__Exercise materials__:
* * * *

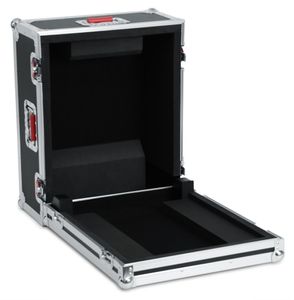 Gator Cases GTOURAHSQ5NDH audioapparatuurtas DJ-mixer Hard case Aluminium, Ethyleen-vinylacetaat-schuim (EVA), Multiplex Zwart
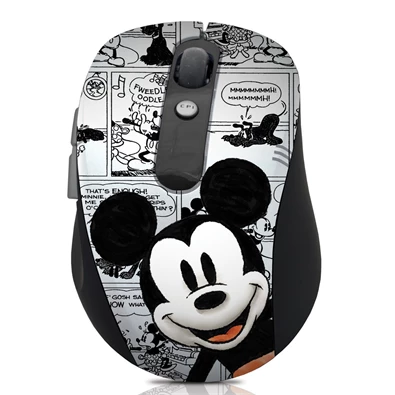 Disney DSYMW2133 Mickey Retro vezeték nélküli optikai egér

* * * *

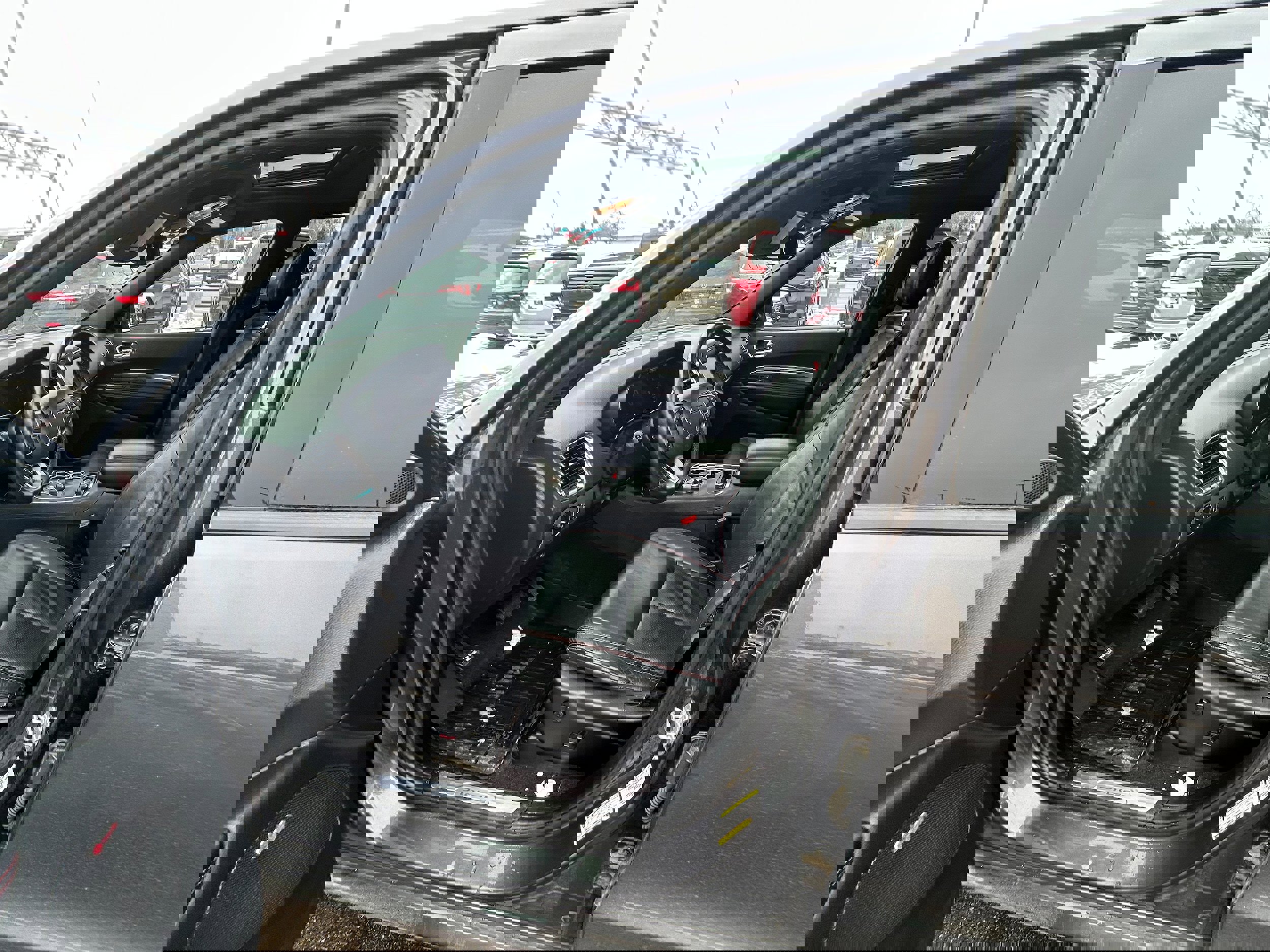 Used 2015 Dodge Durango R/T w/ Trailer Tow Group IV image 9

* * * *

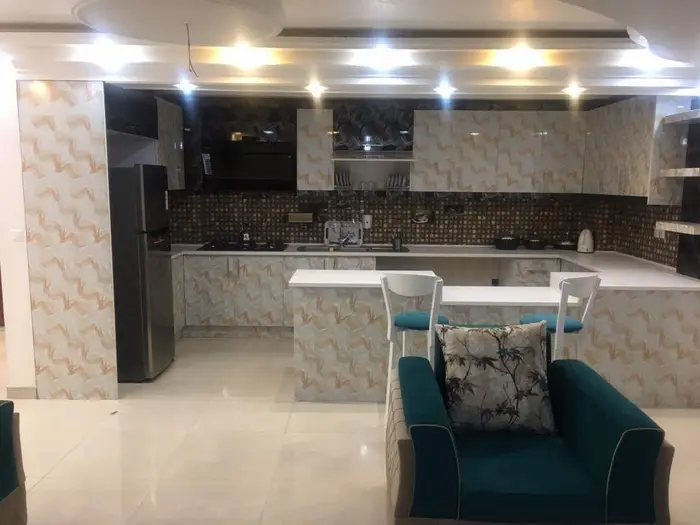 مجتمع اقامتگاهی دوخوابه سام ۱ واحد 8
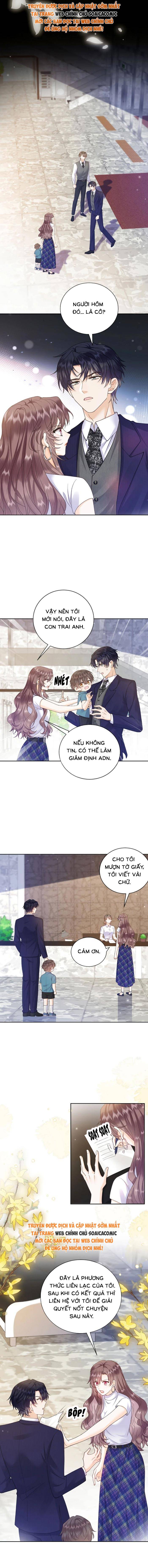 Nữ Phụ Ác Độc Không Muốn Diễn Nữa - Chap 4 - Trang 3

* * * *

The lines above from the line with "مجتمع اقامتگاهی دوخوابه سام ۱ واحد 8" through the line with "Nữ Phụ Ác Độc" are to be given again word for word, with no pictures among them.

 مجتمع اقامتگاهی دوخوابه سام ۱ واحد 8
 Nữ Phụ Ác Độc Không Muốn Diễn Nữa - Chap 4 - Trang 3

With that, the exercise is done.